We live in a world today that is far more divided than it has been at any other time in history. We also operate in a manner that is guaranteed to continue existing divisions and to promote even greater ones as we go along our way. The communication tools that we have at our disposal are powerful entrenching tools when it comes to constructing these canyon-like separations, and we have fabricated rules for using these means of communication that allow for words, comments, and commentary that would have been largely unacceptable in the past to be viewed as normative today. It seems that no one holds anyone else to a standard of behavior when it comes to what is said and that none of us are willing to impose restraint upon ourselves, either. We have entered into a time when our political discourse is neither civil nor is its objective really to bring us to a place where reasoned thinking leads to mutually satisfactory processes and decisions.

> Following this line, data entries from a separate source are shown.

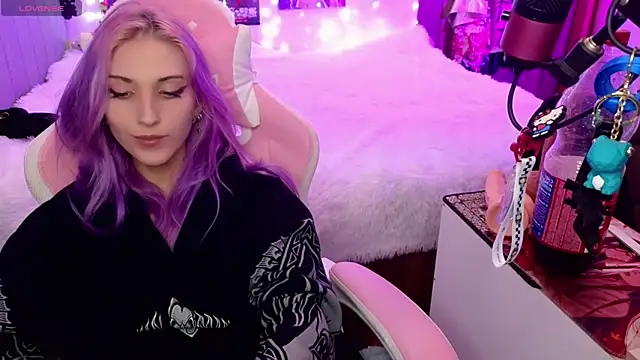 Snapshot of Violet_Noir chatting on January 30, 2025, 2:47 pm Violet Noir online show from January 30, 2025, 2:47 pm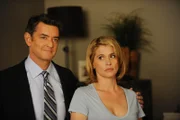 Lassiter (Timothy Omundson) ist gerade mitten in seinem Date mit Marlowe (Kristy Swanson), als Shawn und Gus auftauchen und diese mit ihrem Verdacht konfrontieren.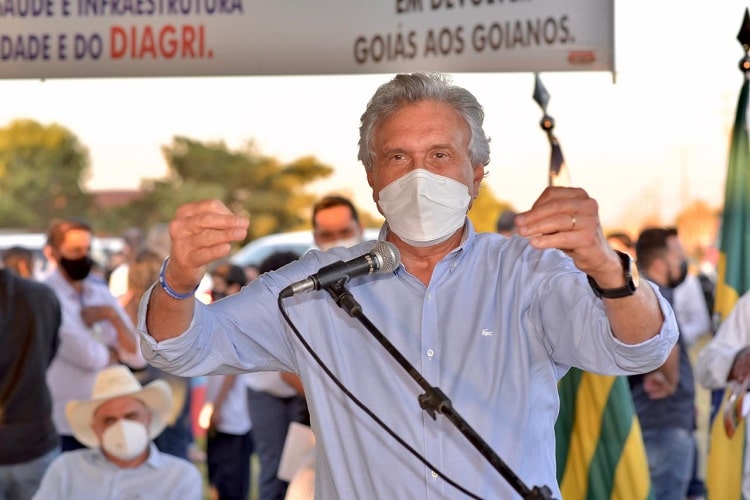 Petrobrás já subiu mais de 51% os preços dos combustíveis, diz Caiado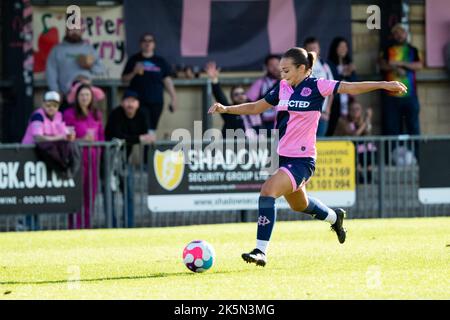 Londres, Royaume-Uni. 09th octobre 2022. Champion Hill Lily Price (21 Dulwich Hamlet) en action pendant le match L&SERWFL entre Dulwich Hamlet et Aylesford à Champion Hill à Londres, en Angleterre. (Liam Asman/SPP) crédit: SPP Sport presse photo. /Alamy Live News Banque D'Images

So, here is a radical proposal. It would seem that Paul stated a concept for healthy human interaction that was one that God threw out to us a very long time ago. That is, in Christ we have our answer to all that separates and divides us. Through His blood we are all brought together before the Great High King, and it is His law of love, grace, justice, and redemption that becomes our new, final, and permanent rule of law that considers all and that prevails in everything. In this kingdom of God’s, if it does not speak Christ, I do not say it, and if my words do not seek to create understanding and unity, I rethink and restate them until they accomplish this goal as a higher purpose than just driving home my point. When I am gathered around Christ’s eucharistic table in company with those who may see an issue differently than I do, our goal is no longer winning the debate; instead, it becomes sharing in the Lord’s feast of unity that is formed around His Gospel. Even when I do not share this faith with the person that I am engaged with, my objective in all matters should be to demonstrate Christ in what I think, say, and do. Divisions are made my people, they are fueled by Satanic fire, and they are always contrary to God’s will and outside of His desire for the way that His people would live in our world.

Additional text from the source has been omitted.